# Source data
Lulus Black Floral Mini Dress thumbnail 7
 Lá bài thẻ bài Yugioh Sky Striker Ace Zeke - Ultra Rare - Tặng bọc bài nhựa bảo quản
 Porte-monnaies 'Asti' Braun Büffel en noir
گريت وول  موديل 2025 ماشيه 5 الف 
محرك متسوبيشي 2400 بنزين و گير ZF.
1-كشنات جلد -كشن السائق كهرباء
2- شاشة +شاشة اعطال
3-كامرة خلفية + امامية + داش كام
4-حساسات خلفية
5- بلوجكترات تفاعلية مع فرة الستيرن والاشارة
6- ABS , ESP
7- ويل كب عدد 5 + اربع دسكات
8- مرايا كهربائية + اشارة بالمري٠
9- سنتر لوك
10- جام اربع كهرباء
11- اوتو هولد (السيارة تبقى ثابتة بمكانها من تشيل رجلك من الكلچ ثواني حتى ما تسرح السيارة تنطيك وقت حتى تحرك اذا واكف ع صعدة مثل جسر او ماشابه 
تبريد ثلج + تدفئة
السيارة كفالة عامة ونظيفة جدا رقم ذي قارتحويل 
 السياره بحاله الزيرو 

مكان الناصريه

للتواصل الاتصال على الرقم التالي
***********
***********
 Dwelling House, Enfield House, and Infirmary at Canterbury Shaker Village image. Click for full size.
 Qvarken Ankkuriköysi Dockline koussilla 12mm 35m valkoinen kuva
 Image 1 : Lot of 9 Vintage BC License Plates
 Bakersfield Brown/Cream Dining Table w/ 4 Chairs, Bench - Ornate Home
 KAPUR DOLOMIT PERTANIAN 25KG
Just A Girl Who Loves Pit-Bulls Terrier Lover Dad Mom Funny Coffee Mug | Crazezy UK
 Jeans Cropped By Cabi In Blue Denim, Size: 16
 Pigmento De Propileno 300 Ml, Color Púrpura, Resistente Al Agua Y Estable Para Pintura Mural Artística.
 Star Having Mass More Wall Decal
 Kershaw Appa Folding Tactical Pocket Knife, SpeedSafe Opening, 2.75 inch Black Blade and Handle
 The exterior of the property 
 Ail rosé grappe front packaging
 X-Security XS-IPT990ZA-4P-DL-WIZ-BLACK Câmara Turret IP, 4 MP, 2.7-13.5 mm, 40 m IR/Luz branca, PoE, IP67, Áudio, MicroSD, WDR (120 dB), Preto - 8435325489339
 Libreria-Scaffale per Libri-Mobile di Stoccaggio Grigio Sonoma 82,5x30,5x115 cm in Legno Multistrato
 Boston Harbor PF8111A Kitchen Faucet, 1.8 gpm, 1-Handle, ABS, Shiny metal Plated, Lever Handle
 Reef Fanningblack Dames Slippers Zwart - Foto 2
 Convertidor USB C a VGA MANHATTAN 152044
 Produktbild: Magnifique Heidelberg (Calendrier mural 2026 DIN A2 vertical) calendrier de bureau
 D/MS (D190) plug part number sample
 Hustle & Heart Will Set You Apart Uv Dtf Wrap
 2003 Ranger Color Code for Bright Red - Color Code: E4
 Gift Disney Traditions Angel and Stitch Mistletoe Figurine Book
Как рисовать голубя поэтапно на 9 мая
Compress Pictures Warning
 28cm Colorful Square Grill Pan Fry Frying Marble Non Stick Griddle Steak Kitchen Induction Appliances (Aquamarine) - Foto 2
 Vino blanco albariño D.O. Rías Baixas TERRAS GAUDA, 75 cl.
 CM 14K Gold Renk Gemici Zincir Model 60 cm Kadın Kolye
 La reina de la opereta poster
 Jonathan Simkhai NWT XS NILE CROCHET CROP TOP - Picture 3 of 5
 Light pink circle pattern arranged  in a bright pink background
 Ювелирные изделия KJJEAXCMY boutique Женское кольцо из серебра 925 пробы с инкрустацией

# The problem
Give back, word for word, only the lines above from the line holding "6- ABS , ESP" to the line holding "Just A Girl", both included.

# Answer space
6- ABS , ESP
7- ويل كب عدد 5 + اربع دسكات
8- مرايا كهربائية + اشارة بالمري٠
9- سنتر لوك
10- جام اربع كهرباء
11- اوتو هولد (السيارة تبقى ثابتة بمكانها من تشيل رجلك من الكلچ ثواني حتى ما تسرح السيارة تنطيك وقت حتى تحرك اذا واكف ع صعدة مثل جسر او ماشابه 
تبريد ثلج + تدفئة
السيارة كفالة عامة ونظيفة جدا رقم ذي قارتحويل 
 السياره بحاله الزيرو 

مكان الناصريه

للتواصل الاتصال على الرقم التالي
***********
***********
 Dwelling House, Enfield House, and Infirmary at Canterbury Shaker Village image. Click for full size.
 Qvarken Ankkuriköysi Dockline koussilla 12mm 35m valkoinen kuva
 Image 1 : Lot of 9 Vintage BC License Plates
 Bakersfield Brown/Cream Dining Table w/ 4 Chairs, Bench - Ornate Home
 KAPUR DOLOMIT PERTANIAN 25KG
Just A Girl Who Loves Pit-Bulls Terrier Lover Dad Mom Funny Coffee Mug | Crazezy UK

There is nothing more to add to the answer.